Ulrich van Bebber, Vorstandsvorsitzender der Lebenshilfe Kreisvereinigung Ahrweiler
Der Vorstandsvorsitzende der Lebenshilfe Kreisvereinigung Ahrweiler, Ulrich van Bebber, gibt zum einen zu bedenken: „Für die Angehörigen der zwölf Menschen, die in der Flutnacht im Lebenshilfehaus ums Leben kamen, ist es ein trauriger Tag, der den Schmerz wieder aufleben lässt.“ Zum anderen steht für ihn fest, dass diese Menschen hätten gerettet werden können, wenn sie rechtzeitig gewarnt worden wären.
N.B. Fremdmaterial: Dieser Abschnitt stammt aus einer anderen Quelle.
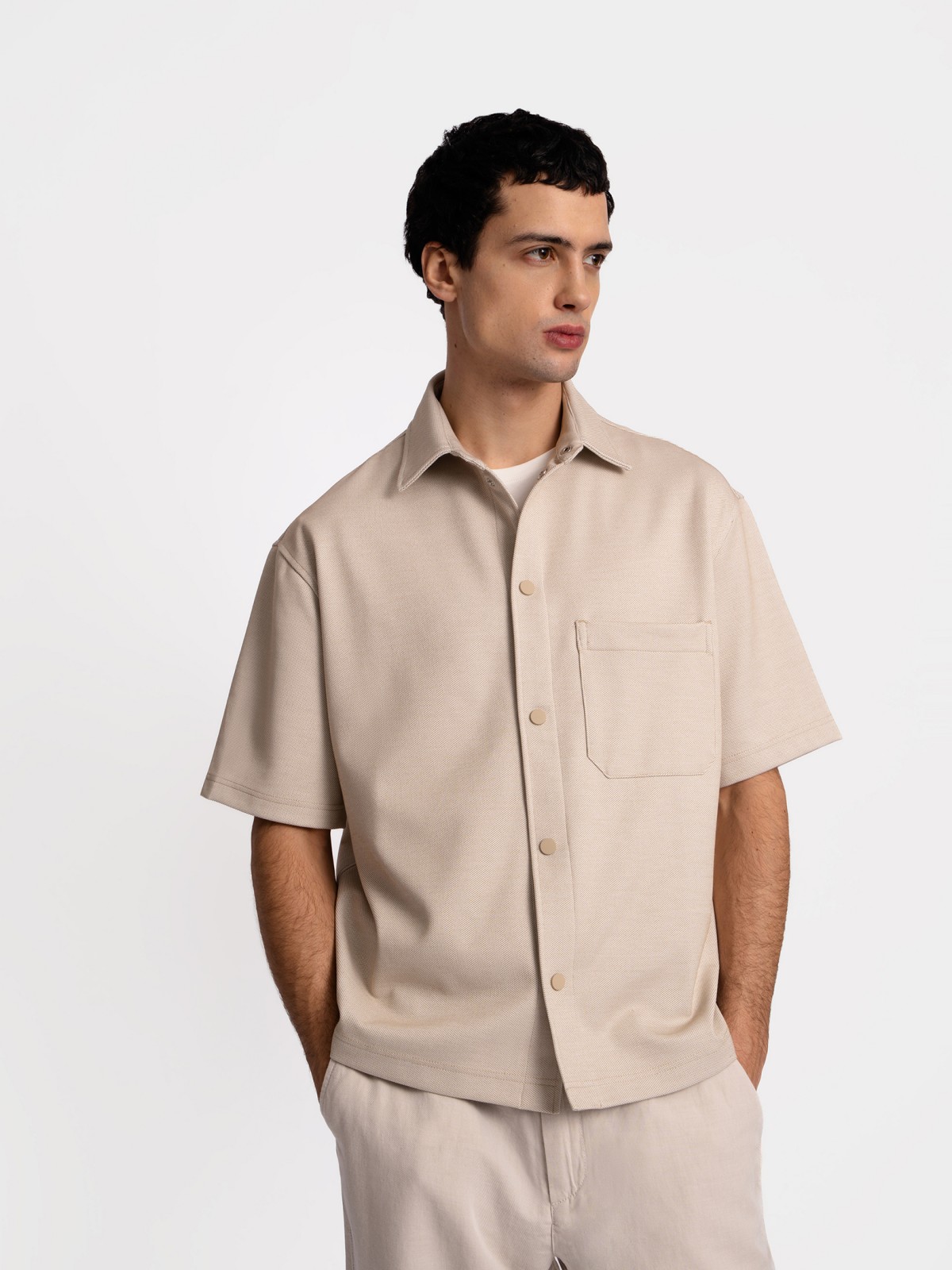 Рубашка с  короткими рукавами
„Bevor die Flut in der Nacht gegen 2.30 Uhr das Lebenshilfehaus in Sinzig erreichte, hatte sie bereits viele Stunden zuvor an der Ahr katastrophal gewütet und Menschenleben gekostet. Noch gegen 22 Uhr hatten Polizeihubschrauber das Drama gefilmt. Es wäre also noch Zeit gewesen, die Bewohnerinnen und Bewohner, die aufgrund ihrer geistigen Beeinträchtigungen besonderer Fürsorge bedurften, zu retten“, so van Bebber, und er ergänzt: „Juristisch können wir das Ergebnis der Ermittlungen nicht bewerten. Aber moralisch ist der Landrat schuldig. Durch rechtzeitige Warnungen wäre uns viel Leid erspart geblieben.“
Aus Respekt vor den vielen Toten wäre zumindest eine Entschuldigung dafür angebracht, dass auch der Staat versagt hat.
Ulrich van Bebber
Es sei aber zu kurz gegriffen, das Versagen nur einer Person anzulasten. „Die moralische Schuld trifft alle staatlichen Instanzen und dort verantwortlichen Akteure, die für den Katastrophenschutz und dessen Versagen verantwortlich waren. Das sind nicht nur die kommunalen Instanzen, sondern auch die Akteure auf Landesebene.“ Dabei gehe es nicht nur um Verantwortung im streng juristischen Sinne, sondern auch um moralische und politische Verantwortung. „Hier hätte man erwarten können, dass die Verantwortlichen der Flutnacht auch zu ihrer Verantwortung stehen. Aus Respekt vor den vielen Toten wäre zumindest eine Entschuldigung dafür angebracht, dass auch der Staat versagt hat“, meint van Bebber.
Die Stadt Sinzig möchte sich nicht zur Entscheidung der Staatsanwaltschaft Koblenz äußern. Bürgermeister Andreas Geron selbst befindet sich im Urlaub.